Starting with something more limited is good, it lets you get a hands on feel for what works and what doesn’t, so that, when broader adoption comes, you are well prepared for it.

Recommendations

I’ll give a set of general recommendations for streaming data and Kafka and then discuss some specifics of different types of event streams.

1. Limit The Number of Clusters

In early experimentation phases, it’s normal to end up with a few different Kafka clusters as adoption occurs organically in different parts of the organization. However part of the promise of this approach to data management is having a central repository with the full set of data streams your organization generates.

This is similar to the recommendations given in data warehousing where the goal is to concentrate data in a central warehouse for simplicity and to enable uses that join together multiple data sources.
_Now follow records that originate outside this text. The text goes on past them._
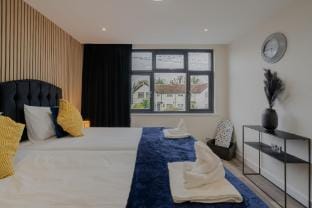 Cosy Flat Sleeps 5| Links to Central London Apartment in Enfield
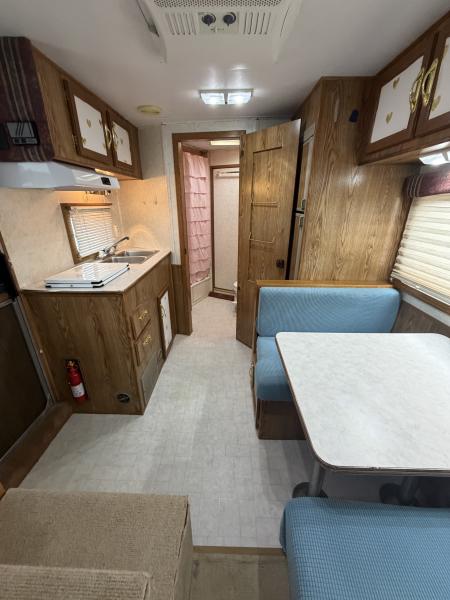 Used 1999 Sundowner 3 Horse Gooseneck Living Quarters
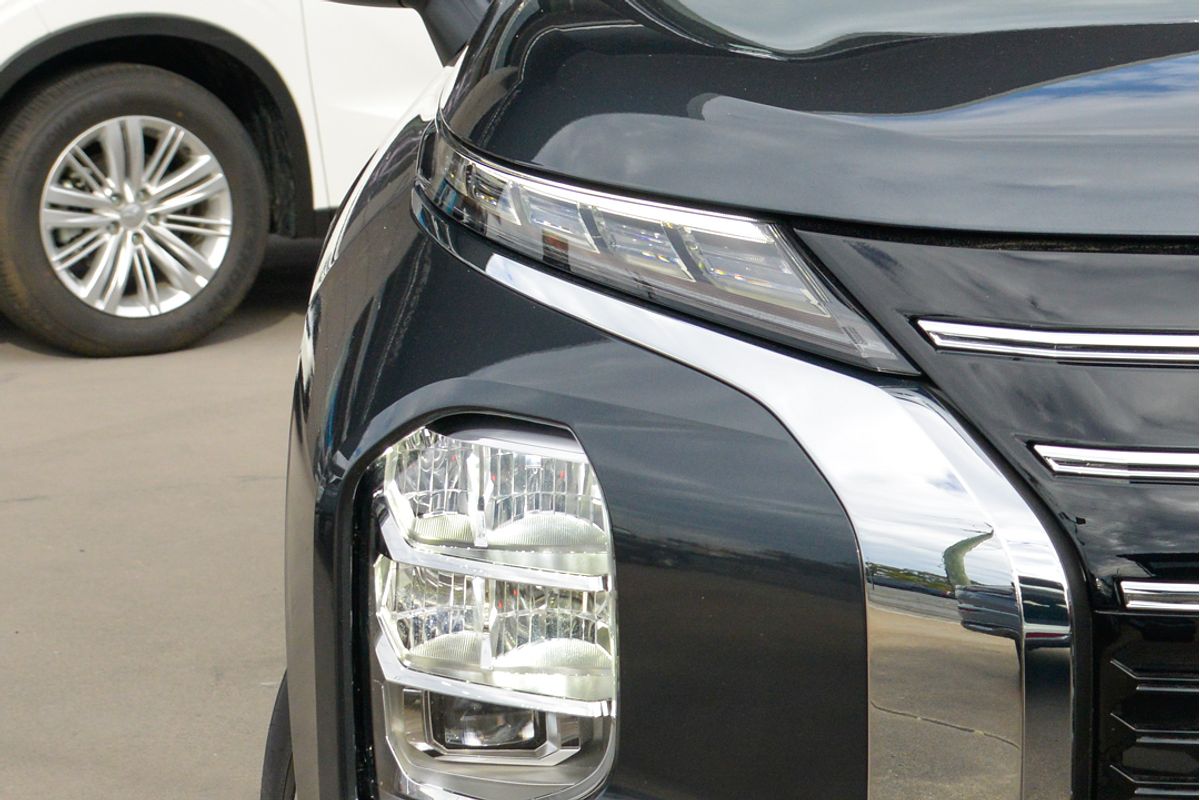 2025 Mitsubishi Outlander Exceed Tourer ZM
Likewise we have seen that storing streaming data in the fewest number of Kafka clusters feasible has a great deal of value in simplifying system architecture. This means fewer integration points for data consumers, fewer things to operate, lower incremental cost for adding new applications, and makes it easier to reason about data flow.
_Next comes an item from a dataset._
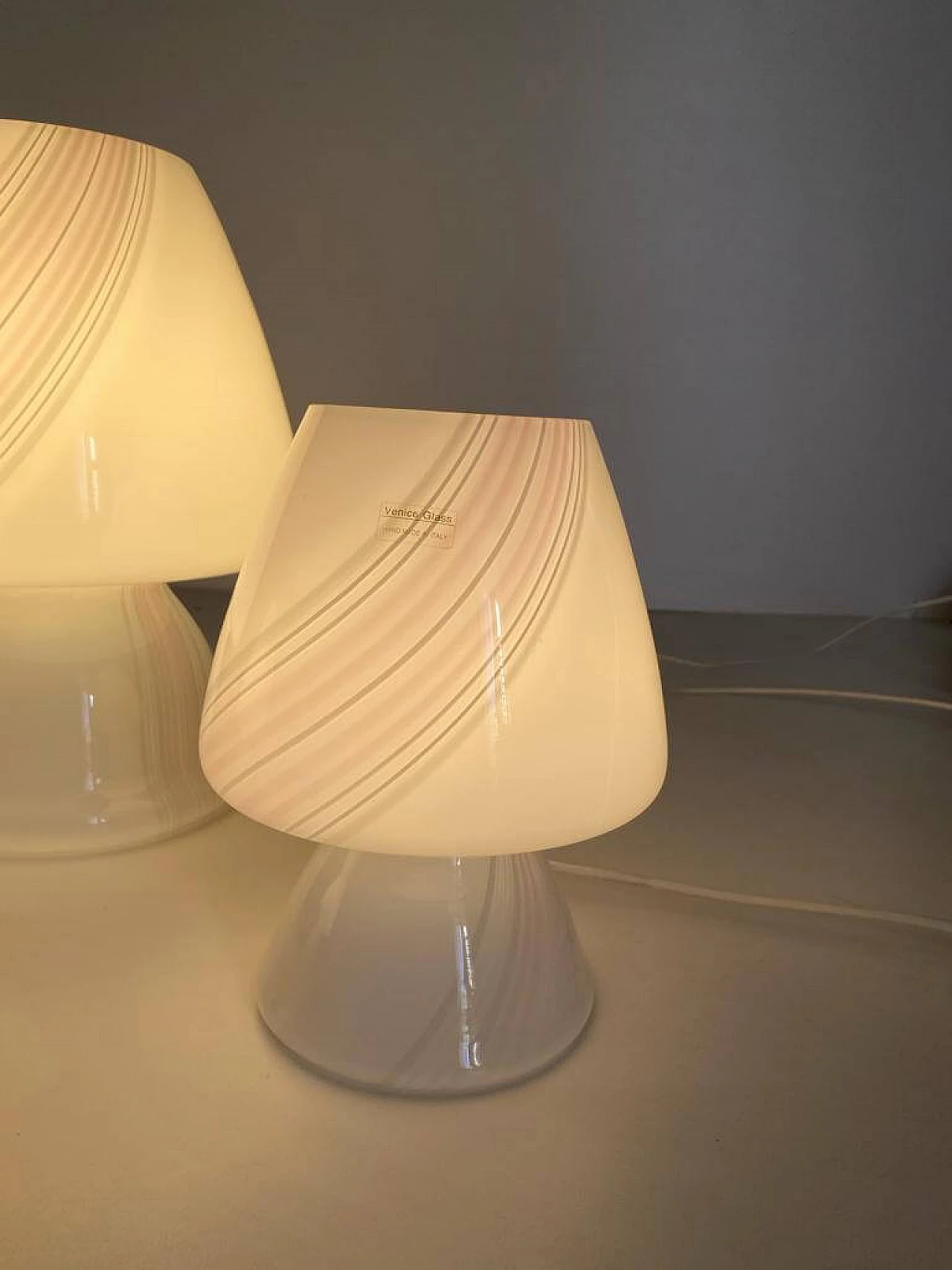 3 Mushroom table lamps in Murano glass, 1970s 8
The fewest number of clusters may not be one cluster. There are several reasons to end up with multiple clusters:

  1. To keep activity local to a datacenter. As described later we recommend that all applications connect to a cluster in their local datacenter with mirroring between data centers done between these local data centers.
  2. For security reasons. Kafka has robust security capabilities, but sometimes you may find a need to physically segregate some data.
  3. For SLA control. Kafka has strong support for isolating applications using quotas, however physically separating clusters will still limit the “blast radius” from any kind of operational incident.

Earlier Kafka versions lacked strong security or quotas which tended to encourage creating multiple clusters for isolation. These days, using the built in features is generally a better solution.
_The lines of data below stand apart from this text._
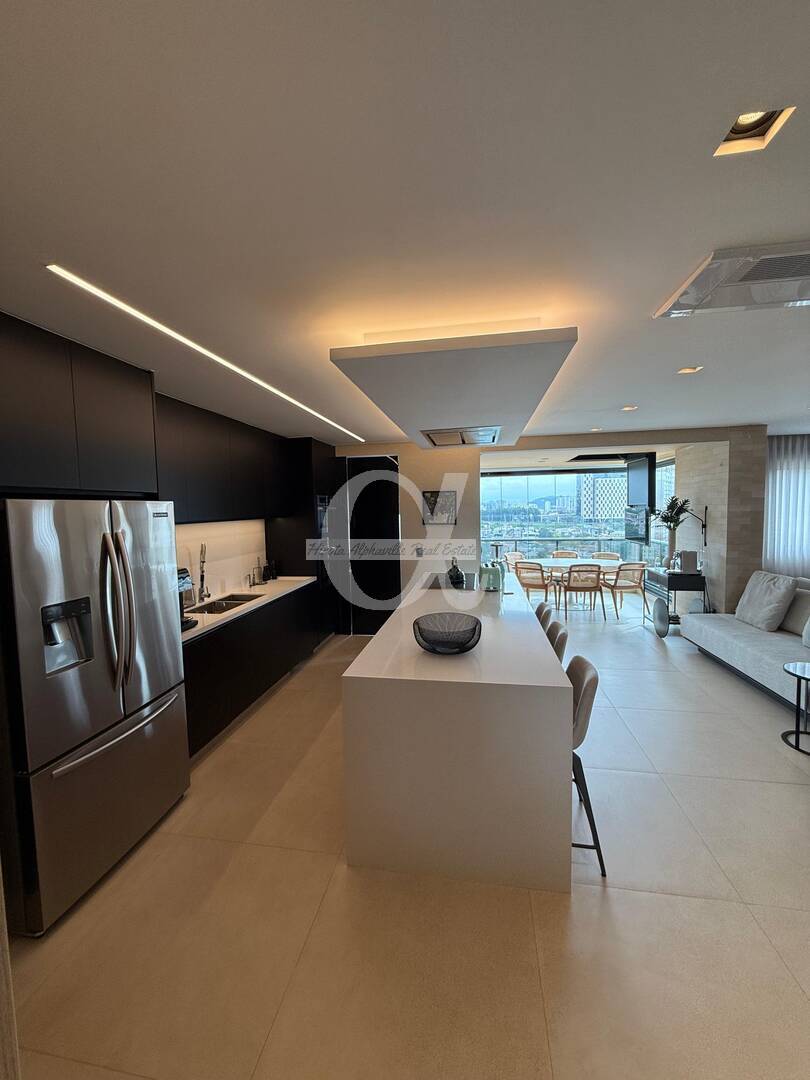 Apartamento para alugar com 2 quartos, 112m² - Foto 11
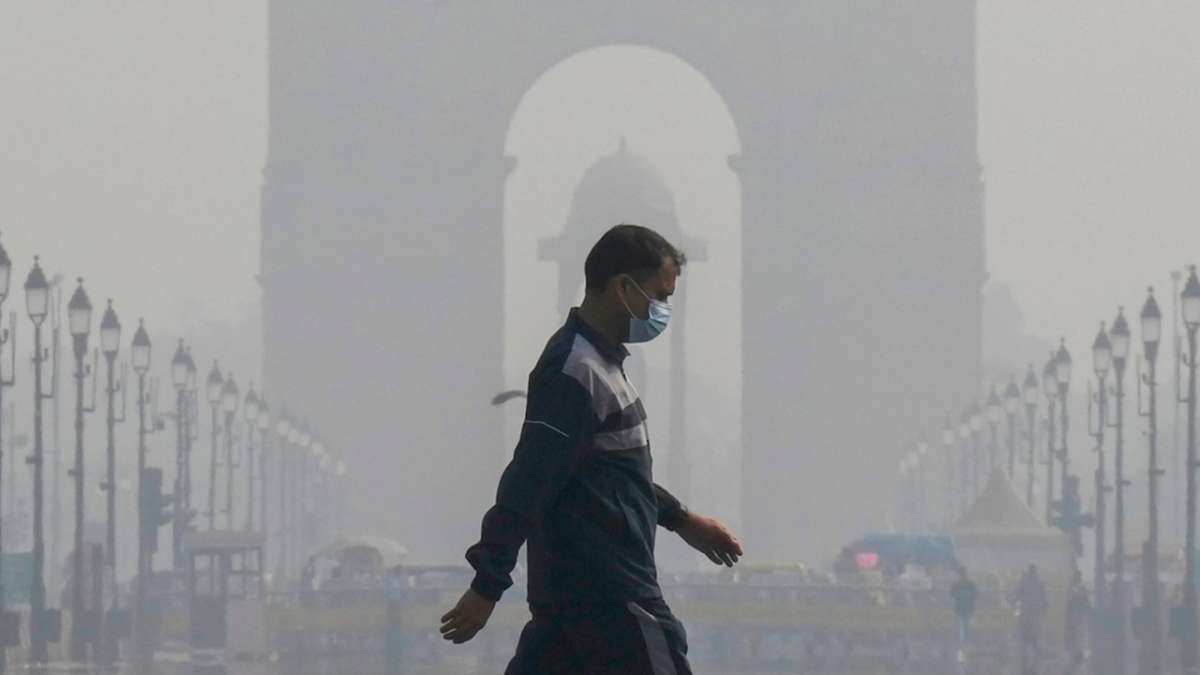 Delhi AQI Today: Thick Smog Engulfs City as Over 10 Areas Record ‘Severe’ Air Quality
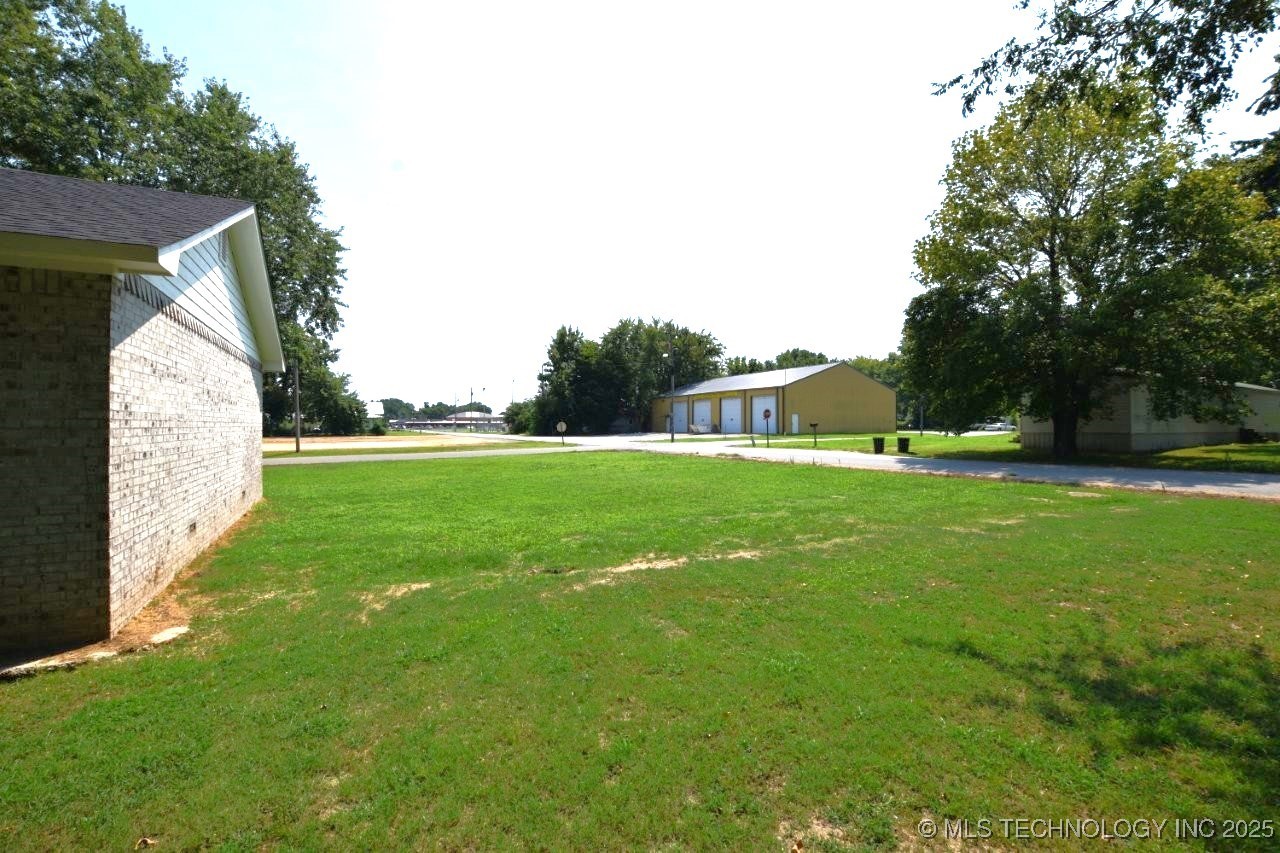 1468 W Division Property Photo 27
2. Pick A Single Data Format

Apache Kafka does not enforce any particular format for event data beyond a simple key/value model. It will work equally well with XML, JSON, or Avro. Our general philosophy is that it is not the role of data infrastructure systems to enforce this kind of policy, that is really an organizational choice.

However, though your infrastructure shouldn’t make this choice for you, you should make a choice! Having a single, company-wide data format for events is critical. The overall simplicity of integration comes not only from having streaming data in a single system—Kafka!—but also by making all data look similar and follow similar conventions. If each individual or application chooses a representation of their own preference—say some use JSON, others XML, and others CSV—the result is that any system or process which uses multiple data streams has to munge and understand each of these. Local optimization—choosing your favorite format for data you produce—leads to huge global sub-optimization since now each system needs to write N adaptors, one for each format it wants to ingest.

An analogy borrowed from a friend can help to explain why such a mundane thing as data format is worth fussing about. One of the few great successes in the integration of applications is the Unix command line tools. The Unix toolset all works together reasonably well despite the fact that the individual commands were written by different people over a long period of time. The standard for integrating these tools is newline delimited ASCII text, these can be strung together with a ‘|’ which transmits a record stream using standard input and standard output. The event streaming platform is actually not that far removed from this itself. It is a kind of modern Unix pipe implemented at the data center level and designed to support our new world of distributed, continually running programs.

Though surely newline delimited text is an inadequate format to standardize on these days, imagine how useless the Unix toolchain would be if each tool invented its own format: you would have to translate between formats every time you wanted to pipe one command to another.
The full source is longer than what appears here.